I want to answer 'yes' to your last question, just for fun :-) But I know you would like some arguments, so let me try :
if a concept (here copying) is unique to an object, then you can consider merging the two in the same class (that would be implementing the method in the class itself). For example:
- if for some objects, there are several way to make copies, depending on ..., then the copying really deserves to be out of the original object.
- if for all objects, there is a unique way of copying it, is there really much value in creating a different object to do the copying ? (It has for example if the total complexity is too much, hard to read and understand, so it's good to break it down).
I have always had trouble creating copies by calling an explicit constructor. The reason is that Constructors are the only methods that cannot be inherited (excluding statics...), so they cannot be generic (impossible to have a unique interface for all your copiable objects). This means you can have no generic code, in all your application, that is able to copy your objects. Every time I tried, there comes a time when I really need to make a copy in a general way.
Explicitely calling constructors also means I will be impossible, in the future, to substitute a subclass. Say you have a algorithm A that works on a variable B. If you give A a subclass C of B, when A makes a copy its B variable (who's actual type is C), the copy will be created with the B constructor, so it will not be of the same class, and probably will change behavior. So copying by calling constructor is extrelemely limited.
Explicitely calling constructors means it is impossible to work with interfaces. You can read in so many places about the value of interfaces... So for example, in our application, many objects are instanciated no directly in our code, but a Locator/Factory is asked for an interface (or class), with many possible advantages (if your application comes to need this one day):
- If I want to substitute to every A object a B subclass in a specific context, for example to measure performance of a costly operation during some automated testing, it's very easy. We also needed to substitute HashMaps by a subclass, to find one non-seriable object that was inserted in the Map and later caused errors during Serialization.
- If I have an interface, creating an object only involves the interface in my regular code (Factory excepted). So I have no dependency at all to the concrete class, which is so good as you know (a dependency to an interface has so much less transitive dependencies, and is so much easier to mock for testing).
- this factory is actually Spring-backed in our case, so the instanciation is done via Spring. Many additional steps are taken as need (proxying, interception, initialization methods ...).
In our application, we usually end up creating one (or a few) cloners. Given a top object, they know how to make a deep copy of it. The advantage with a generic cloner is that the code is written only once, it is generic for the whole application. Often, it is also reused between applications...
Implementation: using reflexion for example, you get every member recursively. There are many traps to avoid however:
- loops: A references B that references C that references A. So I keep a Map of the objets that have been copied already, referencing the copy. When I would copy an object, but find out it is already in the map, I don't copy it, but substitute its already-made copy.
- special types: enums should not be copied (also some other static objects). Some library classes could have problems also, so you can keep a Set or Map of special classes that you don't want to copy, or copy in a special way.
- you can get in trouble with final fields ...
Specific cases
There are often specific objects where the default way is not correct.
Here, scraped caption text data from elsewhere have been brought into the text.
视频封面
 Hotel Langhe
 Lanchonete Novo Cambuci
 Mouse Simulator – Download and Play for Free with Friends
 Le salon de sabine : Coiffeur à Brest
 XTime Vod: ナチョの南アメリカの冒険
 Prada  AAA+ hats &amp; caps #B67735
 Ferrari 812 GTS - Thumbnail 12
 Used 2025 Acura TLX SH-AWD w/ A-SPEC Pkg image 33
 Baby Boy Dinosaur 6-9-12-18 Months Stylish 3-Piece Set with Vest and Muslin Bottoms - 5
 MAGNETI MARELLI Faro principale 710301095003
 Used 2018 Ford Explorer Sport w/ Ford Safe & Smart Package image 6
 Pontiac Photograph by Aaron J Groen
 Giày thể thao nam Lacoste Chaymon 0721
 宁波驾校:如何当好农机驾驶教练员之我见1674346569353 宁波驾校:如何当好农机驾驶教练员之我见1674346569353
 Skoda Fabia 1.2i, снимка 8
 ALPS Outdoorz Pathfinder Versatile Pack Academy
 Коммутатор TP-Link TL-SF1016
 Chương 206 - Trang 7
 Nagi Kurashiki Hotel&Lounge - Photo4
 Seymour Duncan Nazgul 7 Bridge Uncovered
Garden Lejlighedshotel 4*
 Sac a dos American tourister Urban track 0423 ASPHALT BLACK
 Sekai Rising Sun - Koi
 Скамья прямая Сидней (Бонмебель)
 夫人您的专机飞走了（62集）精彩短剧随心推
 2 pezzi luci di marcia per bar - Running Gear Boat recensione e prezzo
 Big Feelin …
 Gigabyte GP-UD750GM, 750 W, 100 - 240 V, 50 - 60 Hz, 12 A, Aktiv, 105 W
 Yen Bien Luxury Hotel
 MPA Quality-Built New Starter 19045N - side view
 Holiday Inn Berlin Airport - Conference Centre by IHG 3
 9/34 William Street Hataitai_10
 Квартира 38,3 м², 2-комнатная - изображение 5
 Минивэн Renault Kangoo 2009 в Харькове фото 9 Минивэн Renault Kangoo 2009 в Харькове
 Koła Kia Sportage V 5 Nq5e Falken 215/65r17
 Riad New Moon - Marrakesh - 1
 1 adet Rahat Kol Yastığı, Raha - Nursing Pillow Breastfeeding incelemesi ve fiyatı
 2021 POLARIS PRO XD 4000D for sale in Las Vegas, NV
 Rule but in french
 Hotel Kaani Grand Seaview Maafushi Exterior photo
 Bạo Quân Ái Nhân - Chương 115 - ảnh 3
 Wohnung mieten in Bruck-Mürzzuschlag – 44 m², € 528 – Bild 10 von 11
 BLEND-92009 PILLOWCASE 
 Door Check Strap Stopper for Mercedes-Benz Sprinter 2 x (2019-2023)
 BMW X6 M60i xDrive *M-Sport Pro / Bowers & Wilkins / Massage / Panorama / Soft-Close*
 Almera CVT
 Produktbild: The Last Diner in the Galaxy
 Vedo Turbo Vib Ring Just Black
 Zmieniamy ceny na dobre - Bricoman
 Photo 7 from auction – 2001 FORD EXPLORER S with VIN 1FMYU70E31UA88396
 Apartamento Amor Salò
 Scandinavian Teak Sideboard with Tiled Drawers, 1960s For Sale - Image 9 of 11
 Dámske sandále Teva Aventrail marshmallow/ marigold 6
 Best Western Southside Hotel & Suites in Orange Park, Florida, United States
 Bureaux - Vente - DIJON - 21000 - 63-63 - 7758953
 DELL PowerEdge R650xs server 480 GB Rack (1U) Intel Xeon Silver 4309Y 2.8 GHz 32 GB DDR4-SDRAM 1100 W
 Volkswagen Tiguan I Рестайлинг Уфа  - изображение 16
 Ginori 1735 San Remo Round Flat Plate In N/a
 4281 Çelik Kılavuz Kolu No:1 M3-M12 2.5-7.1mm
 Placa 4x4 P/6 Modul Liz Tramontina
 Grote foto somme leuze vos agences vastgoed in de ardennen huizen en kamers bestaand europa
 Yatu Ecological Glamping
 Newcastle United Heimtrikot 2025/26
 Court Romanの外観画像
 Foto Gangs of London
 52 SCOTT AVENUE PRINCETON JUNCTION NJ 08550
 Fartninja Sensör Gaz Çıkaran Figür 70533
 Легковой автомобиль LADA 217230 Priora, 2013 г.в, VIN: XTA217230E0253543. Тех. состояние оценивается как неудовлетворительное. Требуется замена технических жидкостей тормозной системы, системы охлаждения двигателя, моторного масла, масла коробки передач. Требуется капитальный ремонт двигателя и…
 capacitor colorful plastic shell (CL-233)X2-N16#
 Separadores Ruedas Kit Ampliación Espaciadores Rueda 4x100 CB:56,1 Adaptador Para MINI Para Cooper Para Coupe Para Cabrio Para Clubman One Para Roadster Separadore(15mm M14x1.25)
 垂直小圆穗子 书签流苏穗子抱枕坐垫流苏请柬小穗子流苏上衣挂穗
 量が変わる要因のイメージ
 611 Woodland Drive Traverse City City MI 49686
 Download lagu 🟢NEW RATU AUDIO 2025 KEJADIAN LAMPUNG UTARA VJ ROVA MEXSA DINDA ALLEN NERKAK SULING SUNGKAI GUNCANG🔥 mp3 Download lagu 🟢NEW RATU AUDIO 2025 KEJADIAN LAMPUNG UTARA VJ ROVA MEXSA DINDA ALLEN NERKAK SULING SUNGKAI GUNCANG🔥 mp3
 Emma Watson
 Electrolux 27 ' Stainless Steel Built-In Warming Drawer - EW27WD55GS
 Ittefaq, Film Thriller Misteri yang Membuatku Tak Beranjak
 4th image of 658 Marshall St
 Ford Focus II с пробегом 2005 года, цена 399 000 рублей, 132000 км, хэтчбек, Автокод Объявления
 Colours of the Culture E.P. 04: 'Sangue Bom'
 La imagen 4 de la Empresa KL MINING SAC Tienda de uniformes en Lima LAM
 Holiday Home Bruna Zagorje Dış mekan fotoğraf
We want both, a generic implementation, and the possibility to overload it as needed. For them, we use this:
- if we can modify the objects, we let them implement a specific CustomizedCopier interface, and their code in that method is responsible for doing the copying, as they want. The generic code doesn't do anything if he sees this interface.
- if we can't modify the objects (JRE, third-party code ...), we have a Map/Registry Map that stores the classes that are specific, along with the specific copier that we want for them. Note that this trick is also used sometimes to customize the copying not in general, but only for some special use-cases, as it can overload the way objects are copied.
In fact, I usually ended up with several cloners. For example, cloning data persistent entities typically use this knowledge to clone a bit differently (for example, ids and audit fields could be made nulls).
I usually also have a class that does the same dependency search, but for other needs:
- toString() a complex object to create a debug String of it.
- equals() and hashCode() implementations if needed.
- reinitialise a graph of objects to its default values for all properties (think of the implementation of a 'reset' button in a multi-tab huge form).
- check for existence of an object somewhere in an object graph
- control the Seriability of a graph of objects (typical use-case with the HttpSession that is serialized in some condition ; in development, we check explicity the objects, to detect an not-serializable object, and provide the best error message to the developper).
- ...
Please note that the copying is needed often for multi-threading. Ideally, objects reused in multi-threaded environments are immutable. If not, cloning is typically advised to ensure program global coherence...
Performance
Using reflexion is not always so fast. Typically, for a copying that is big in volume and used often, we would implement the copying in the objects themselves. But we found out there are only a few classes that need to be copied and are in high volume, so it is just an exception to the general mecanism, that we plug afterwards (I wrote earlier in the post how, using the register) only when they become useful.